The museum has an extensive collection of standard gauge and narrow gauge railway rolling stock. The collection was started in 1956 when the Leeds City Museum acquired Barber from the recently closed Harrogate Gasworks Railway. A short display line is installed at Armley allowing some of the collection to run.

==== Locomotives ====

| Name | Builder | Gauge | Wheel arrangement | Date | Works number | Notes |
|---|---|---|---|---|---|---|
| Barber | Thomas Green & Son | 2 ft (610 mm) | 0-6-2T | 1908 |  | ex Harrogate Gas Works Railway.

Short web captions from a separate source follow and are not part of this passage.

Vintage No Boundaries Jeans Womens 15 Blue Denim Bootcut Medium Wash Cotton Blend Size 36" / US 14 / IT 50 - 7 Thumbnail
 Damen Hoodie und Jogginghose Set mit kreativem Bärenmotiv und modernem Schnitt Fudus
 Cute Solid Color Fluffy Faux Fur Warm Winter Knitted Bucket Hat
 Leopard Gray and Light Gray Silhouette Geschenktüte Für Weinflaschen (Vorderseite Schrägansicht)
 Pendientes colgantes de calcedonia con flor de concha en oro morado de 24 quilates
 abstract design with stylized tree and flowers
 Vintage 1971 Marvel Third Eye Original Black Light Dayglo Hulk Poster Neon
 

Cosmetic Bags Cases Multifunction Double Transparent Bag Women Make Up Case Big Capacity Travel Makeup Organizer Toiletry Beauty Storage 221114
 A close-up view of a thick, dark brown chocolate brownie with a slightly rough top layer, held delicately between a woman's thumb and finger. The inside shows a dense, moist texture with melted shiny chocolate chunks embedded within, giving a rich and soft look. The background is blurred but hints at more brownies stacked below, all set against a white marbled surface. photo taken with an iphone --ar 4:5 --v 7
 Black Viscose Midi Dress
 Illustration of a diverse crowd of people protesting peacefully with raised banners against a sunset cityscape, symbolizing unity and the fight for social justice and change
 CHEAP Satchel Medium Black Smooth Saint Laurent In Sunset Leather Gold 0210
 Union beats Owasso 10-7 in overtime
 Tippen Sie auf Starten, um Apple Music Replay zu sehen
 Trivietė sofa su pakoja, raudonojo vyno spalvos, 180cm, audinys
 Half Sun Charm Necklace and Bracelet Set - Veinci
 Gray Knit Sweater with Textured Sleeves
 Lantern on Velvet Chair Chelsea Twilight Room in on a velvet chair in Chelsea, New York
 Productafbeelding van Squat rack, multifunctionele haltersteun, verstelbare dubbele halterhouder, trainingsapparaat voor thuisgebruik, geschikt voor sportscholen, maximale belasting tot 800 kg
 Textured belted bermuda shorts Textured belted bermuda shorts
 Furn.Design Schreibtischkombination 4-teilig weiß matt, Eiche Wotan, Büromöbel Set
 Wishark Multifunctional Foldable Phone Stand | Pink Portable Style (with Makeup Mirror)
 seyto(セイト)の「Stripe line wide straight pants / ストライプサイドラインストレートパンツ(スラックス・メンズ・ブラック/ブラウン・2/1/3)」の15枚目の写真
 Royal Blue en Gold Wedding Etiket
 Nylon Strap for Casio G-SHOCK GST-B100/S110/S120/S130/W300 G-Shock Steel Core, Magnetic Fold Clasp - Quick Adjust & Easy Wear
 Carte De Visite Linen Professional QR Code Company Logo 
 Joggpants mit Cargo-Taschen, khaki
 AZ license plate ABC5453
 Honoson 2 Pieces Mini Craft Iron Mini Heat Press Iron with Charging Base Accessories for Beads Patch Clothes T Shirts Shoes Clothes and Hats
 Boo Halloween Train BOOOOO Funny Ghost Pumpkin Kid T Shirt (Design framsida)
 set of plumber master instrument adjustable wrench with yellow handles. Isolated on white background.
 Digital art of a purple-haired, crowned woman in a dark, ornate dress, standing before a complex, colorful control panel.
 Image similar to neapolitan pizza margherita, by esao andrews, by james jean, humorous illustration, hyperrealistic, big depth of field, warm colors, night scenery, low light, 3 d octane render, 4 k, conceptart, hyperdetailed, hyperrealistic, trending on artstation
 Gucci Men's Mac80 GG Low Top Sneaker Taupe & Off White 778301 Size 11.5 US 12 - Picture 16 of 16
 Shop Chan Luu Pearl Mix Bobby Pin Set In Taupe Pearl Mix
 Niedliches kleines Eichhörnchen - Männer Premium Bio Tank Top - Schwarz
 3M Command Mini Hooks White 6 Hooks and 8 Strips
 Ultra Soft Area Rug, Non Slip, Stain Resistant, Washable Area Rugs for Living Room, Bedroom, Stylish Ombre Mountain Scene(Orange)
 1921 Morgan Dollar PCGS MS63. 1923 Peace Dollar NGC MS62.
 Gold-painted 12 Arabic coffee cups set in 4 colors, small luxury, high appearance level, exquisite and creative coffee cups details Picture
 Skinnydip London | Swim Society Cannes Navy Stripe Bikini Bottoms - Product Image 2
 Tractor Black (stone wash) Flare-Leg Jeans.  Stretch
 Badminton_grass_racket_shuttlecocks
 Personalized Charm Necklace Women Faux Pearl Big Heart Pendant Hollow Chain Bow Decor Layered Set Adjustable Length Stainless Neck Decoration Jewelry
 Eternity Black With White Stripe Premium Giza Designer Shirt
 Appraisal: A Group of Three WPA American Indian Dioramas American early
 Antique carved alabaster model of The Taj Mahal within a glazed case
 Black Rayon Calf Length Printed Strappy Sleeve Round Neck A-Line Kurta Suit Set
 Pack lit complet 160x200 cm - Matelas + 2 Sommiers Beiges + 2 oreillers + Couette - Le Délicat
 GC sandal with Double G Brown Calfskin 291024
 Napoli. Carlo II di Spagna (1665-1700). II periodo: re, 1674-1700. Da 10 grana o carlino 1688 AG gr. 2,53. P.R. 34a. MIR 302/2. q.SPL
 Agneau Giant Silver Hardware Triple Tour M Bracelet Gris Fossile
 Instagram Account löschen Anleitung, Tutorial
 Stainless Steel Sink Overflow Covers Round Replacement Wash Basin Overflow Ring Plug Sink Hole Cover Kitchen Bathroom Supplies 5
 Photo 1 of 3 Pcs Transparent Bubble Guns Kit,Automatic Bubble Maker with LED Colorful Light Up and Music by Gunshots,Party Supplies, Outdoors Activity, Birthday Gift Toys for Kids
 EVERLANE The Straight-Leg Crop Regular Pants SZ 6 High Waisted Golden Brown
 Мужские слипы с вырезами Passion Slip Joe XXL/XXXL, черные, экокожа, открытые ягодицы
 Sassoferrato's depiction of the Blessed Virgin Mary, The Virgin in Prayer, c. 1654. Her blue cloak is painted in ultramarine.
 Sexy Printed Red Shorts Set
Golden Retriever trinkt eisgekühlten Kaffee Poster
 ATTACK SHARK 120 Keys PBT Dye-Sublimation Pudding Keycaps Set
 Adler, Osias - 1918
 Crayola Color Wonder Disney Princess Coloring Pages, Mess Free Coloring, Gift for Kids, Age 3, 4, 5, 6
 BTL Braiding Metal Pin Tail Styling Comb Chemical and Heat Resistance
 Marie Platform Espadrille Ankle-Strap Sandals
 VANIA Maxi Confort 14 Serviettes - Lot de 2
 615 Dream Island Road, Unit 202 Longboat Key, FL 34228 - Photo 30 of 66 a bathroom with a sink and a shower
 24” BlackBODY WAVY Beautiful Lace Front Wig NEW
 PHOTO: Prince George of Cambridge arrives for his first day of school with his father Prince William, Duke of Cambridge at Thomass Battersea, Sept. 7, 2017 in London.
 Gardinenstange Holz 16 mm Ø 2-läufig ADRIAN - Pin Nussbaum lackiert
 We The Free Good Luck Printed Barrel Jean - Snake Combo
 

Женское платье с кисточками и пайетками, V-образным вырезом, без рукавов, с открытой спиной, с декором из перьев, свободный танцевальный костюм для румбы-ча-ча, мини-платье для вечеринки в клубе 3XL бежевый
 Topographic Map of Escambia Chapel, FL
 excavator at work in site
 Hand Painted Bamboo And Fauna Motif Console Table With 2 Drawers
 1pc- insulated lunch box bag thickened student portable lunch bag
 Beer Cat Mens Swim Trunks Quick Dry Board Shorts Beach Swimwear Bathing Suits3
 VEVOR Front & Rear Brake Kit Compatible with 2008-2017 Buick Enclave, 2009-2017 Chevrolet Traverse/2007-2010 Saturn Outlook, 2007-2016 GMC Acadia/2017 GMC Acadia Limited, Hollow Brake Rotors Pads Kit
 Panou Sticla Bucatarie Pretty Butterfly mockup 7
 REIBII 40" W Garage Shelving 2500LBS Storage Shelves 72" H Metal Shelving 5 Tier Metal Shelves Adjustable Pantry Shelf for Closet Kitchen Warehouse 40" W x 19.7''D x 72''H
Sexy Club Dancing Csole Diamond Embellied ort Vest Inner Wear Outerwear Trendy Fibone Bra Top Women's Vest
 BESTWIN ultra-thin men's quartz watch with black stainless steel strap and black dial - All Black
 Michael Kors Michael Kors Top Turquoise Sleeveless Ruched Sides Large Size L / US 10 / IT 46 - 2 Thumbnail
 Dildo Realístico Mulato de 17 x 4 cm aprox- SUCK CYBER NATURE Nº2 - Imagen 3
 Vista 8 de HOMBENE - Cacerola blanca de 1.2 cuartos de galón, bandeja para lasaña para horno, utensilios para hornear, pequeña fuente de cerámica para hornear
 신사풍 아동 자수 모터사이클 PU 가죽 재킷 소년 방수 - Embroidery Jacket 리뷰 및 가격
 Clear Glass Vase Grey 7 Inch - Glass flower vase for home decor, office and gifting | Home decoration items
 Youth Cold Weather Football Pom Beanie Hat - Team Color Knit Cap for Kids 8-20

Acquired 1956. Currently on long-term loan to the South Tynedale Railway |
| Jack | Hunslet Engine Company | 18 in (457 mm) | 0-4-0WT | 1898 | 684 | Acquired 1957 |
| Lord Granby | Hudswell Clarke | 3 ft (914 mm) | 0-4-0ST | 1902 |  | Acquired 1961 |
| Junin | Hudswell Clarke | 2 ft 6 in (762 mm) | 2-6-2DM | 1930 |  | Diesel hydraulic locomotive from the Junin railway in Chile |
| Southam 2 | Hudswell Clarke | 4 ft 8+1⁄2 in (1,435 mm) | 0-4-0DM | 1942 | D625 | Ex-Rugby Cement, Southam, Warwickshire |
|  | E. B. Wilson and Company | 4 ft 8+1⁄2 in (1,435 mm) | 0-6-0 | 1855 |  | Modified frames, wheels, cylinders and motion of Oxford Worcester & Wolverhampton Railway no 34, later GWR 252. Used as an instructional model at Wolverhampton until 1964. Currently dismantled and not on view. |

==== Models ====
The museum collection has several models of significance, including the world's oldest model locomotive. The record is held by a model built in Matthew Murray in 1811 as a prototype for the locomotive Salamanca.